Recently, cybersecurity researchers at Cisco Talos discovered that a piece of malware called " CarnavalHeist "("carnival heist") actively uses Word documents to steal credentials.
According to experts, CarnavalHeist is aimed primarily at Brazilian users. This is evidenced by the use of exclusively Portuguese and Brazilian slang, as well as the C2 infrastructure located in the BrazilSouth region of the Microsoft Azure hosting platform. The main targets of the attack are the country's leading financial institutions.
Despite the fact that the first samples of CarnavalHeist appeared on VirusTotal at the end of 2023, the development of the campaign continues to this day. In May 2024, experts from Talos continue to identify new samples of this malware.
The malware is distributed via emails with the subject "invoice". Users receive emails with shortened URLs that redirect them to fake websites with invoices. A malicious LNK shortcut file is downloaded from these sites via WebDAV, which triggers the next stage of the attack.

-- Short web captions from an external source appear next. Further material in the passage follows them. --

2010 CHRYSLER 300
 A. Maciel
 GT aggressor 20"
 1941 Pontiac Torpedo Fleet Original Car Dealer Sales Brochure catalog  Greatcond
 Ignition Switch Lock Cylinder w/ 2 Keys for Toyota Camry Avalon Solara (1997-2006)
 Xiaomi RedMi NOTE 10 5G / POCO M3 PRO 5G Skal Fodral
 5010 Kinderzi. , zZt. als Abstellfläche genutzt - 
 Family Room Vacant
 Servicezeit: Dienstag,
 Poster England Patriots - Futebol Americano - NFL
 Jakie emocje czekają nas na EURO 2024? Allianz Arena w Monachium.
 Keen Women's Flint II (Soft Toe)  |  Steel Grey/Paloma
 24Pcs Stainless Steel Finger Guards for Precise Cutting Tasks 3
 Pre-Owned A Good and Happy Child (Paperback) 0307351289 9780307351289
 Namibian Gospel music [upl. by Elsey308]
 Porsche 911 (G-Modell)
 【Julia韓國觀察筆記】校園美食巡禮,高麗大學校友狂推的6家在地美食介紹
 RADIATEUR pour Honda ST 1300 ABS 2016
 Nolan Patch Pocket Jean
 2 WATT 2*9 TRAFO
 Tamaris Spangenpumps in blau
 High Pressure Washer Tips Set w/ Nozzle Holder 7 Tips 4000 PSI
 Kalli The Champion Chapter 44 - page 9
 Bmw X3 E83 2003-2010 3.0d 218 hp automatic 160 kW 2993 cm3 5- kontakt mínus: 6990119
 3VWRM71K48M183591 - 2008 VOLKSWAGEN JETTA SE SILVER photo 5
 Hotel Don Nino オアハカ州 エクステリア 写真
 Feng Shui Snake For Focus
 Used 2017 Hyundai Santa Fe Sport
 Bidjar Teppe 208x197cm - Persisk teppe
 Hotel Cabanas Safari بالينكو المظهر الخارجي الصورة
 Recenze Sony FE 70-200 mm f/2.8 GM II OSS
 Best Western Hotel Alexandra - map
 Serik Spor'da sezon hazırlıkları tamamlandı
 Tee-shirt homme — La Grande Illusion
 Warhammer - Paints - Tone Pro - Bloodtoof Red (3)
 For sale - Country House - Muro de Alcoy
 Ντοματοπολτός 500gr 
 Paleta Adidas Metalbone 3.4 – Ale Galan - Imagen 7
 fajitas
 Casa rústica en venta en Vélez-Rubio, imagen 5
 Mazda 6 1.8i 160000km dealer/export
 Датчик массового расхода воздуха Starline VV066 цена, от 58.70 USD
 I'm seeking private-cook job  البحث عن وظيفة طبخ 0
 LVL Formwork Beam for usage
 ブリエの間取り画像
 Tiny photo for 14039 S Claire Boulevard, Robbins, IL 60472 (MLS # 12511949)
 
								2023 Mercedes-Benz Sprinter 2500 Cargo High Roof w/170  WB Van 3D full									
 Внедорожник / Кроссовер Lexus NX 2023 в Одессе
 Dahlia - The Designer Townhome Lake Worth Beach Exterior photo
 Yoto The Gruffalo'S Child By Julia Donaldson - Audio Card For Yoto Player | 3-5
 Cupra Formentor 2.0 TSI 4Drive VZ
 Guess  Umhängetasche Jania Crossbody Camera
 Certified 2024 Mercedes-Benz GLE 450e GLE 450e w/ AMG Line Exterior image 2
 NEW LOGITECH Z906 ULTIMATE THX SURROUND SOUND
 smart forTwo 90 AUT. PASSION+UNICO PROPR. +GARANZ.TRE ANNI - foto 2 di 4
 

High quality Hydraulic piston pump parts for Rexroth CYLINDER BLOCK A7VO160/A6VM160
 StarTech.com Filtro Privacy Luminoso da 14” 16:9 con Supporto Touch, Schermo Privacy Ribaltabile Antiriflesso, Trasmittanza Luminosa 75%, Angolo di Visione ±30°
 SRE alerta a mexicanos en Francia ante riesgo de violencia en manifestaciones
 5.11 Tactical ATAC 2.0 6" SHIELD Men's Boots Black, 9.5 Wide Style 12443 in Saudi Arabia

The attack makes extensive use of Portuguese terms such as "Nota Fiscal Eletrônica" (electronic invoice) to increase the trust of Brazilian users. The malware uses deceptive techniques, such as displaying a false PDF document while running malicious code in the background.
CarnavalHeist uses hidden Python scripts, dynamically generated domains, and malicious DLLs to load the banking Trojan. The Trojan attacks Brazilian financial institutions by performing overlay attacks, capturing credentials, screenshots, and videos, and providing remote access. One of the Trojan's features is also generating QR codes to steal transactions.
Cisco researchers reported that CarnavalHeist uses a Domain Generation algorithm (DGA) that dynamically creates subdomains in the Azure BrazilSouth region to download malware and communicate with the command server.
The evidence identified by experts indicates that the CarnavalHeist campaign may be active from November 2023, but the most intense activity began only in February of this year.